Arturo dela Cruz

Personal information
- Born: November 29, 1964 (age 61)
- Nationality: Filipino
- Listed height: 6 ft 3 in (1.91 m)
- Listed weight: 170 lb (77 kg)

Career information
- College: San Sebastian
- PBA draft: 1991: 1st round, 4th overall pick
- Drafted by: San Miguel Beermen
- Playing career: 1991–2000
- Position: Small forward
- Number: 15, 18
- Coaching career: 2001–2020

Career history

Playing
- 1991–2000: San Miguel Beermen

Coaching
- 2001–2006: San Miguel Beermen (assistant)
- 2006–2013: Barangay Ginebra Kings (assistant)
- 2013–2016: Barako Bull Energy (assistant)
- 2016: Phoenix Fuel Masters (assistant)
- 2016–2017: TNT KaTropa (assistant)
- 2017–2020: Terrafirma Dyip (assistant)

Career highlights
- As player: 7× PBA champion (1992 All-Filipino, 1993 Governors', 1994 All-Filipino, 1999 Commissioner's, 1999 Governors', 2000 Commissioner's, 2000 Governors'); 4× NCAA champions (1986, 1988, 1989, 1990); As assistant coach: 4× PBA champion (2001 All-Filipino, 2005 Fiesta, 2007 Philippine, 2008 Fiesta);

= Art dela Cruz =

FilipIno basketball player and coach

Arturo "Art" dela Cruz is a retired Filipino professional basketball player and coach who specializes in defense end. He is the father of former San Beda Red Lion Arthur dela Cruz.

== Career ==
===Playing===
A former San Sebastian Stag, Dela Cruz was drafted and played for San Miguel Beermen from 1991 until 2000.

===Coaching===
After retiring, he joined the Beermen as an assistant coach. When Jong Uichico, his former coach at his final two years and first years of being assistant to Beermen's coaching staff reassigned to Barangay Ginebra Kings, he also joined him. He stayed until 2013, even Uichico was replaced in 2012.
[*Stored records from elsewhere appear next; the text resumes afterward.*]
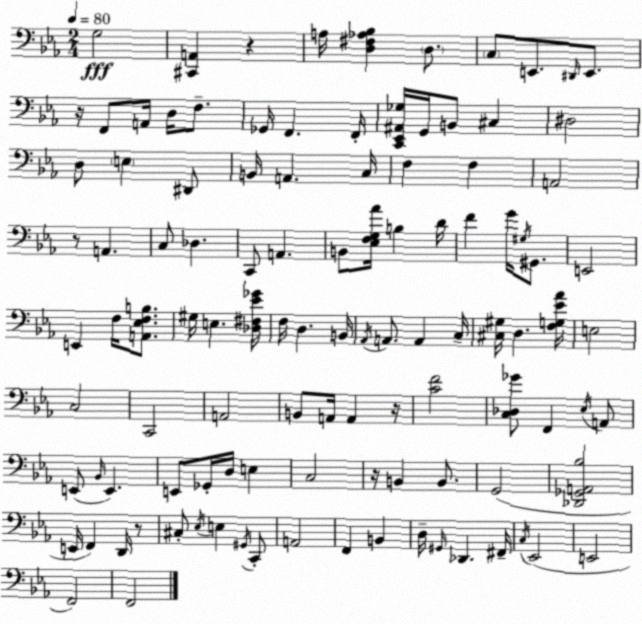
X:1
T:Untitled
M:2/4
L:1/4
K:Cm
G,2 [^C,,A,,] z A,/4 [D,^F,_A,_B,] D,/2 C,/2 E,,/2 ^D,,/4 E,,/2 z/4 F,,/2 A,,/4 D,/4 F,/2 _G,,/4 F,, F,,/4 [C,,_E,,^A,,_G,]/4 G,,/4 B,,/2 ^C, ^D,2 D,/2 E, ^D,,/2 B,,/4 A,, C,/4 F, F, A,,2 z/2 A,, C,/2 _D, C,,/2 A,, B,,/2 [_E,F,G,_A]/4 B, D/4 F G/4 ^G,/4 ^G,,/2 E,,2 E,, F,/4 [A,,_E,F,B,]/2 ^G,/4 E, [_D,^F,_E_G]/4 F,/4 D, B,,/4 _A,,/4 A,,/2 A,, C,/4 [^C,^G,]/4 D, [F,G,_E_A]/4 E,2 C,2 C,,2 A,,2 B,,/2 A,,/4 A,, z/4 [CF]2 [C,_D,_G]/2 F,, _E,/4 A,,/2 E,,/2 _B,,/4 E,, E,,/2 _G,,/4 D,/4 E, C,2 z/4 B,, B,,/2 G,,2 [_D,,_G,,A,,_B,]2 E,,/4 F,, D,,/4 z/2 ^C,/2 _E,/4 E, ^G,,/4 C,,/2 A,,2 F,, B,, D,/4 ^G,,/4 _D,, ^F,,/4 C,/4 _E,,2 E,,2 F,,2 F,,2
He later joined the Barako Bull Energy, but when the team was became Phoenix Fuel Masters, he still stayed until Koy Banal was replaced by Ariel Vanguardia. He later joined TNT KaTropa, when Uichico was also there.

He later hired by Terrafirma Dyip as their assistant coach in 2017, and assigned consultant in 2018 to 2019. He stayed with the Dyip until 2020. He was replaced by Gian Nazario on his position.